▶ _THE PROBLEM_: Without the images, set down each entry exactly.

▶ _DATA TO USE_:

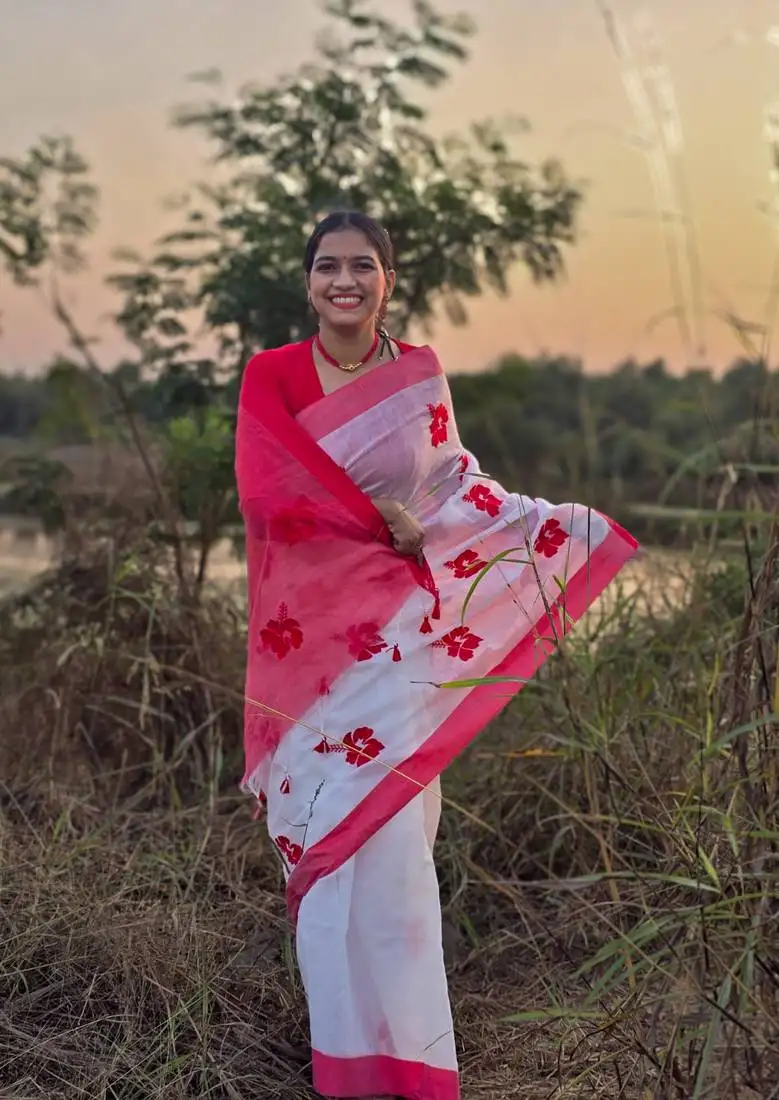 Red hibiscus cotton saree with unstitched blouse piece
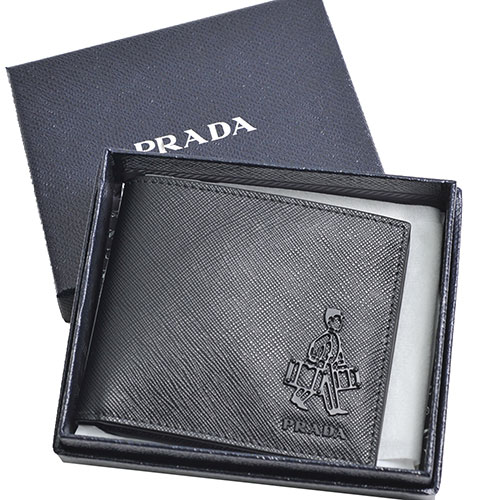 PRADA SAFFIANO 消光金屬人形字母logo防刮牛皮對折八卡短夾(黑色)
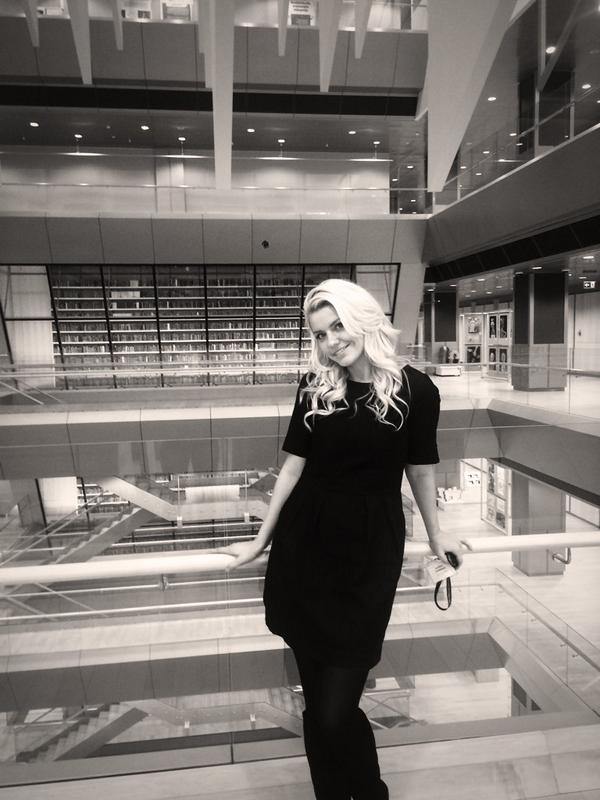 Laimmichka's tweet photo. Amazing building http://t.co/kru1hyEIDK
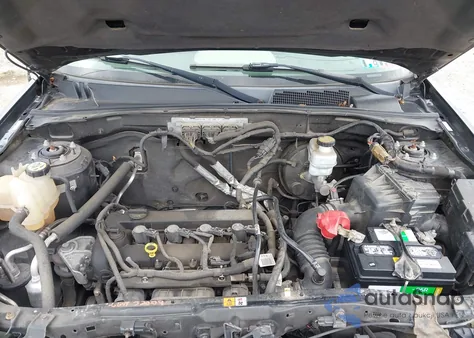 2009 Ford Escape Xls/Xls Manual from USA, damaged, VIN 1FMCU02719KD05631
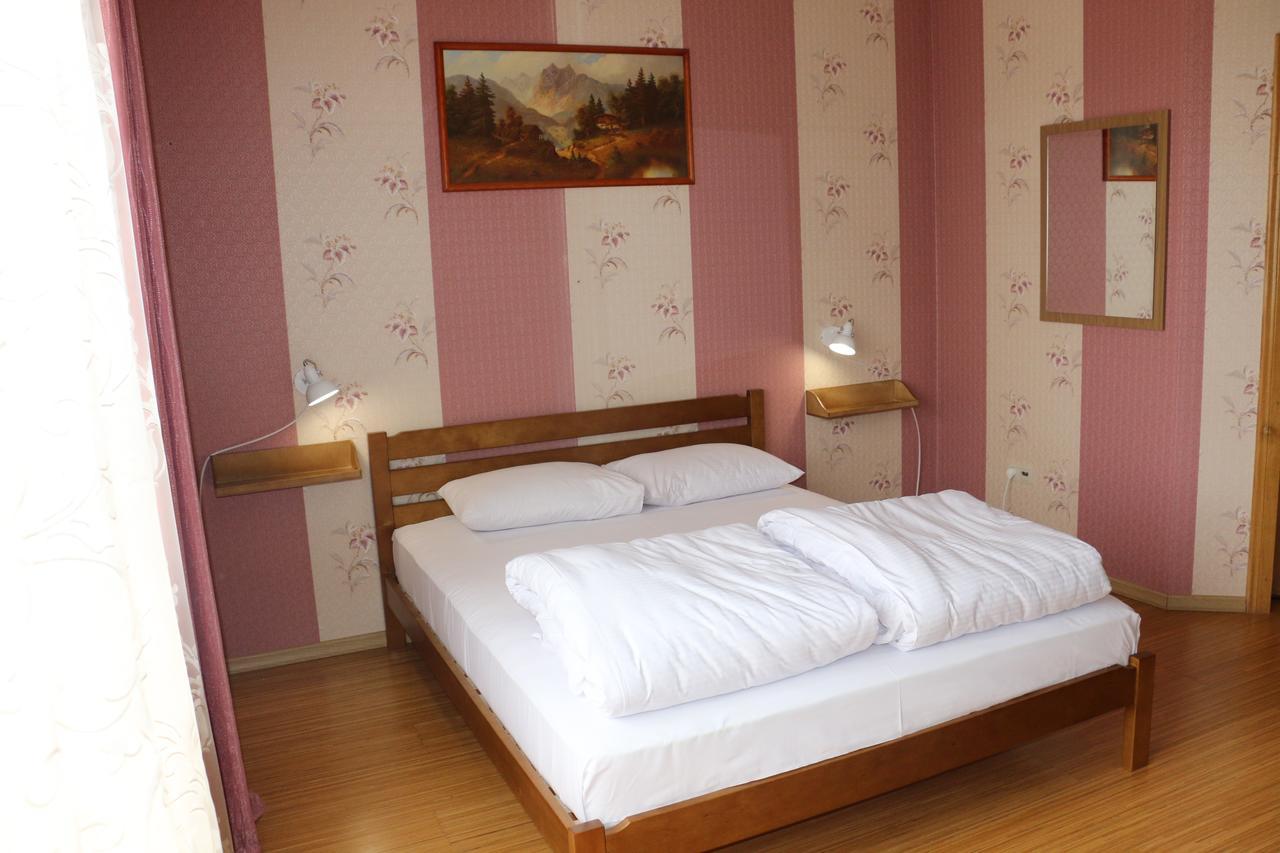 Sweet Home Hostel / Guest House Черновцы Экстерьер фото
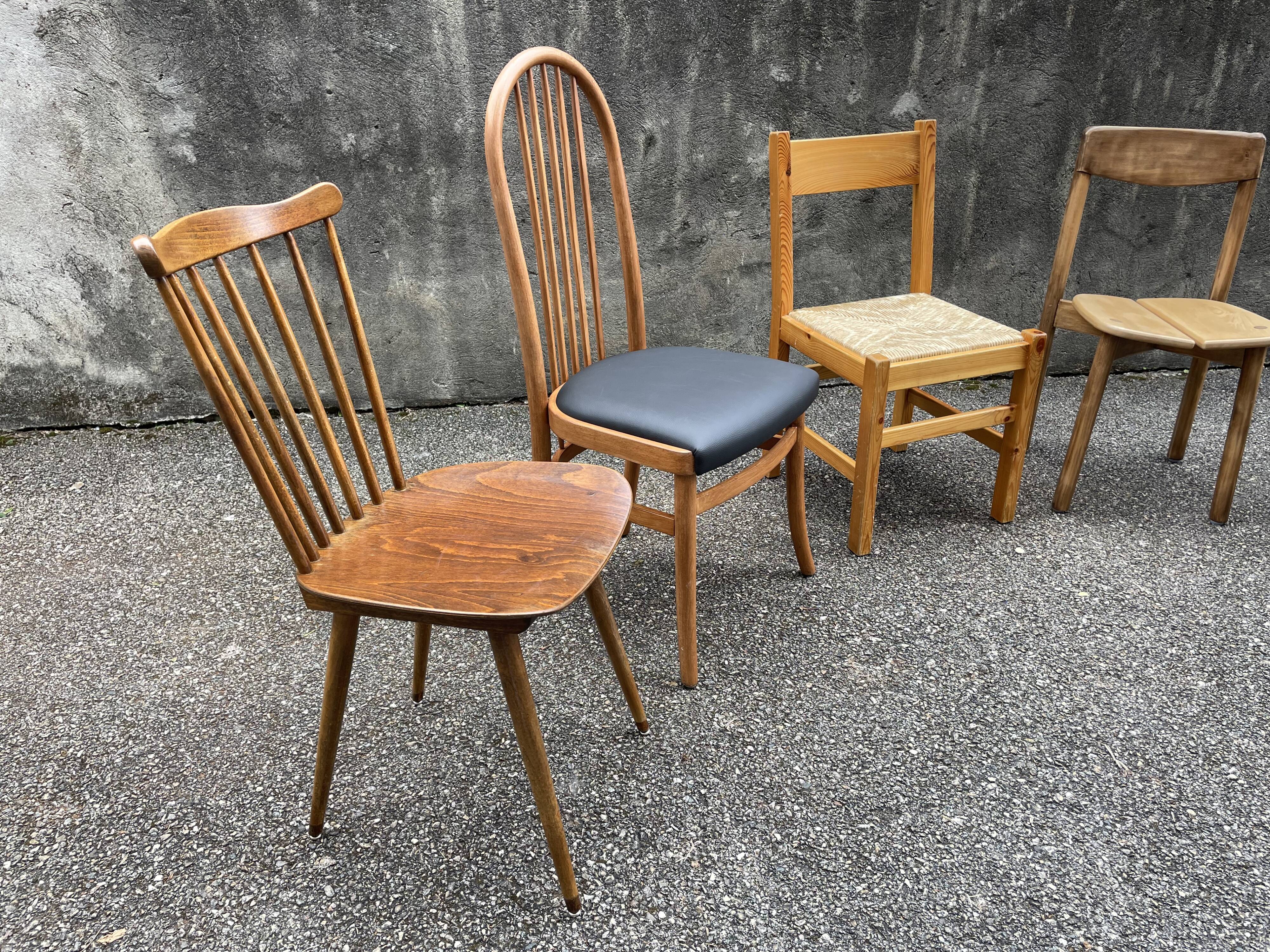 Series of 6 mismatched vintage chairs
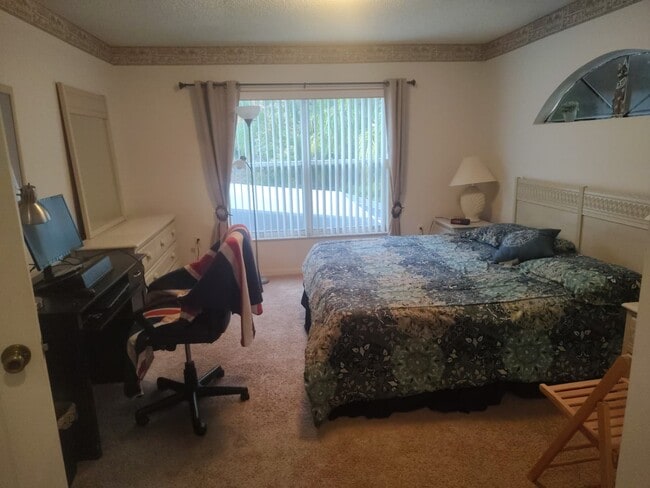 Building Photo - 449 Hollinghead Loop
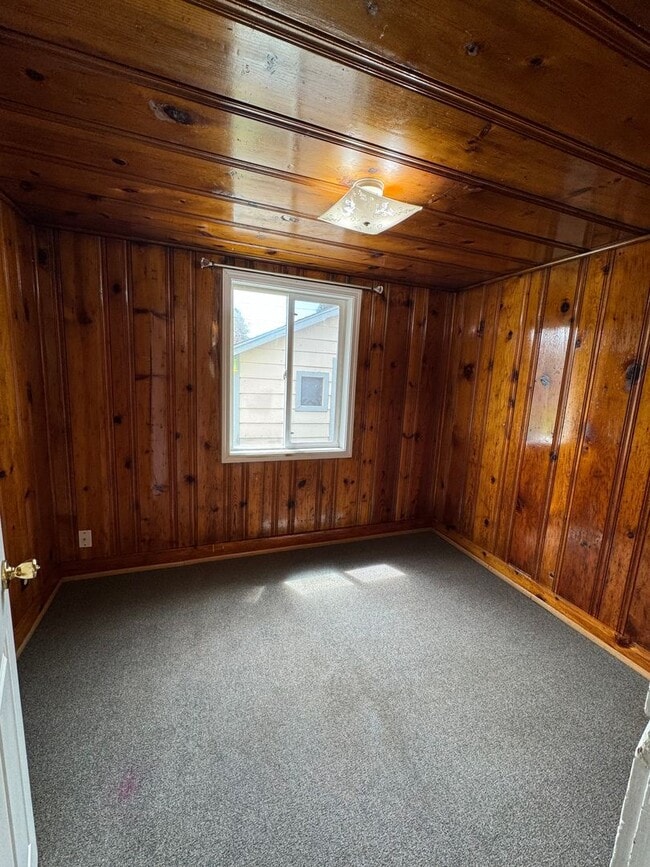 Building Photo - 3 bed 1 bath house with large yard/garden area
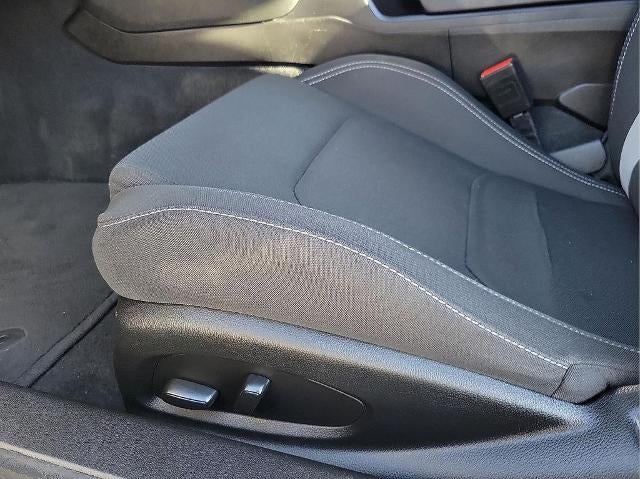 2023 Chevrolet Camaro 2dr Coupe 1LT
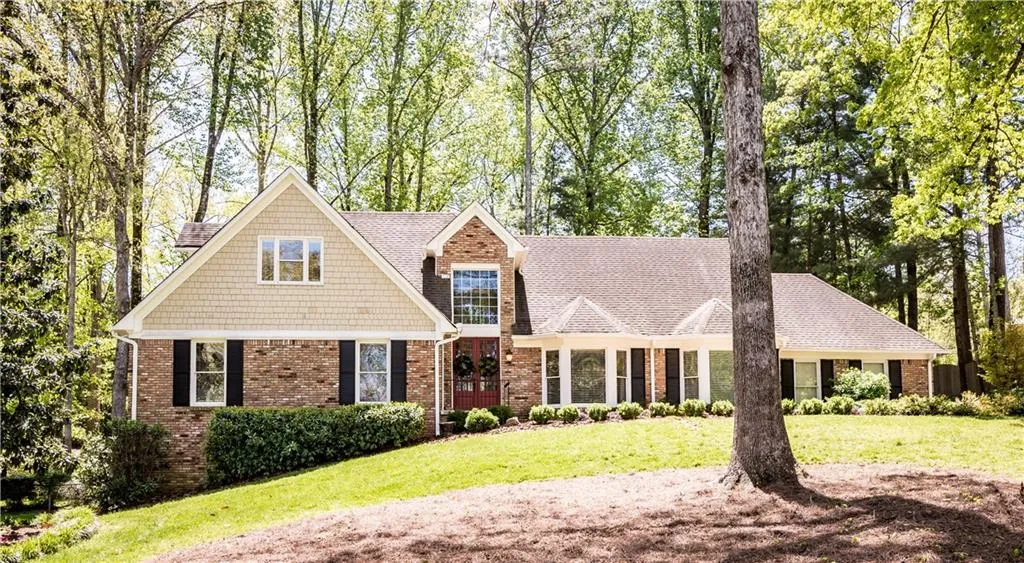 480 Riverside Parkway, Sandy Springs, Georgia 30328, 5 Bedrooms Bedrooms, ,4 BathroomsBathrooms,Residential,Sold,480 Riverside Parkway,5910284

▶ _RESULT OF THE EXERCISE_:
 Red hibiscus cotton saree with unstitched blouse piece
 PRADA SAFFIANO 消光金屬人形字母logo防刮牛皮對折八卡短夾(黑色)
 Laimmichka's tweet photo. Amazing building http://t.co/kru1hyEIDK
 2009 Ford Escape Xls/Xls Manual from USA, damaged, VIN 1FMCU02719KD05631
 Sweet Home Hostel / Guest House Черновцы Экстерьер фото
 Series of 6 mismatched vintage chairs
 Building Photo - 449 Hollinghead Loop
 Building Photo - 3 bed 1 bath house with large yard/garden area
 2023 Chevrolet Camaro 2dr Coupe 1LT
 480 Riverside Parkway, Sandy Springs, Georgia 30328, 5 Bedrooms Bedrooms, ,4 BathroomsBathrooms,Residential,Sold,480 Riverside Parkway,5910284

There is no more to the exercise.